Thursday, November 20, 2014: 3:40 PM
311 (Hilton Atlanta)
Daniel Anastasio1, Jason T. Arena1, Robert McGinnis2 and Jeffrey R. McCutcheon1, (1)Department of Chemical and Biomolecular Engineering, University of Connecticut, Storrs, CT, (2)Nagare Membranes, New York City, NY

Pressure retarded osmosis (PRO) is a method used to capture the energy stored in salinity gradients.  While open-loop PRO using freshwater and seawater has been considered, using a dilute feed solution and highly concentrated engineered draw solution, a closed loop has been shown to yield higher power densities.  This closed-loop process, known as the osmotic heat engine (OHE), can produce electricity while using low-grade or waste heat to recover the draw solution concentration.  Applications of such a technology include waste heat recovery and grid storage for intermittent renewable energy sources.
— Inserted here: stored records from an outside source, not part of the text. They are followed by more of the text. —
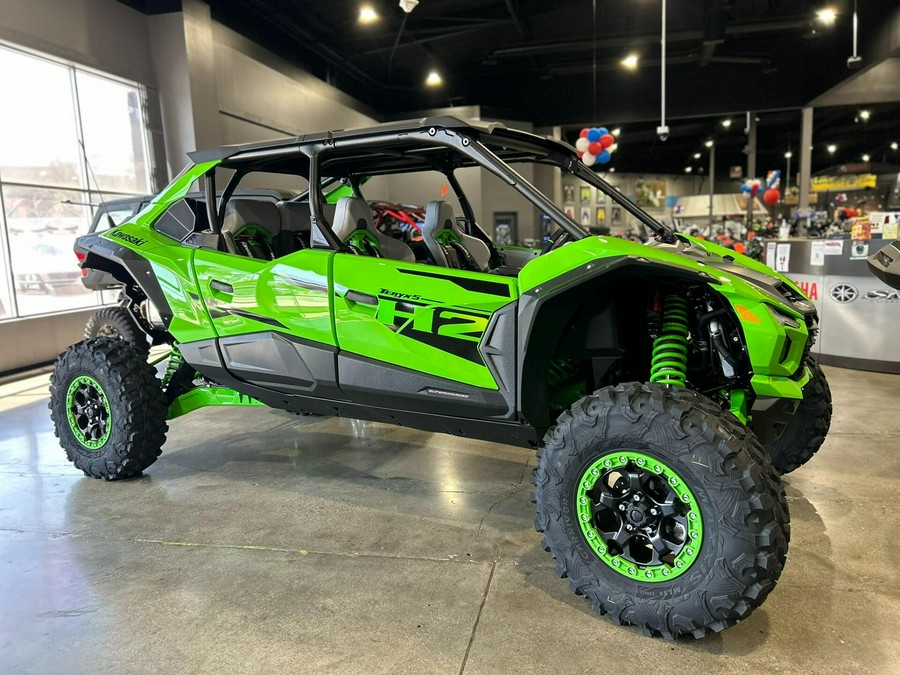 2026 Kawasaki TERYX5 H2 DELUXE ES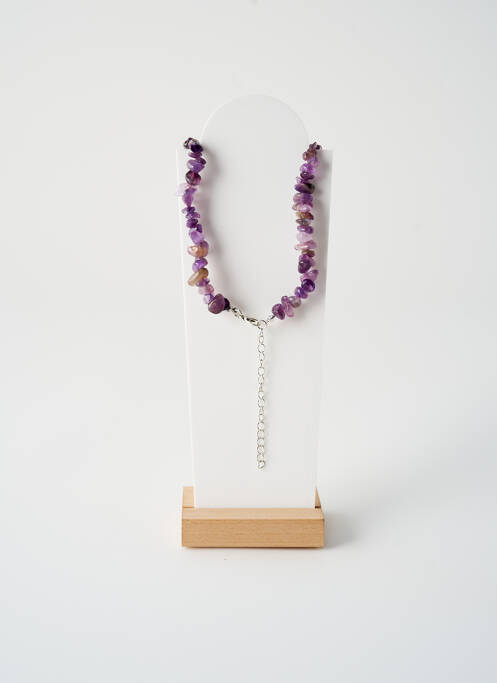 Colier violet TATA GISELE femeie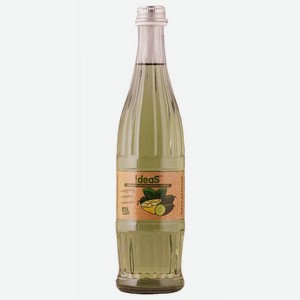 Газированная вода Айдеас со вкусом огурец-мята-лимон 0.5л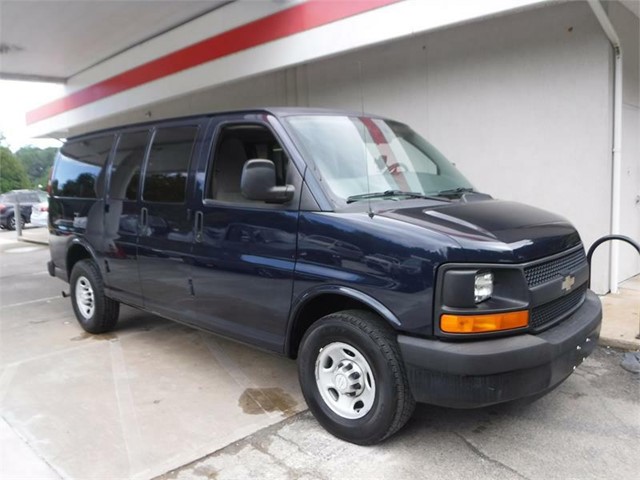 CHEVROLET EXPRESS G2500 LS in Asheville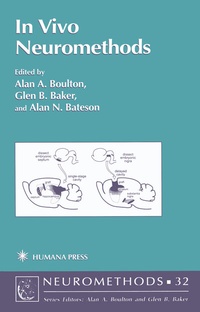 Abbildung von: In Vivo Neuromethods - Humana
The majority of previous work on the OHE has been largely theoretical, but in this study a pilot-scale OHE was constructed using an ammonia-carbon dioxide draw solution.   A previous study was conducted on the bench-scale to understand the power density of membranes at elevated temperature similar to OHE conditions.  A spiral-wound membrane element was used for the membrane step, with draw solution pressures ranging from 0 to 20 bar.  Diluted draw solution was sent to a bank of falling-film ammonia strippers and condensers to recover the concentration of the draw.  Both streams used a nitrogen sweep gas to remove ammonia in the stripping section while providing ammonia to the condenser.  Altering the temperatures of the heating and cooling fluids could also dictate the overall temperature of the OHE.  Actual stripping effectiveness will be compared to model-based predictions.  This platform allows for future optimization of the OHE for overall energy efficiency.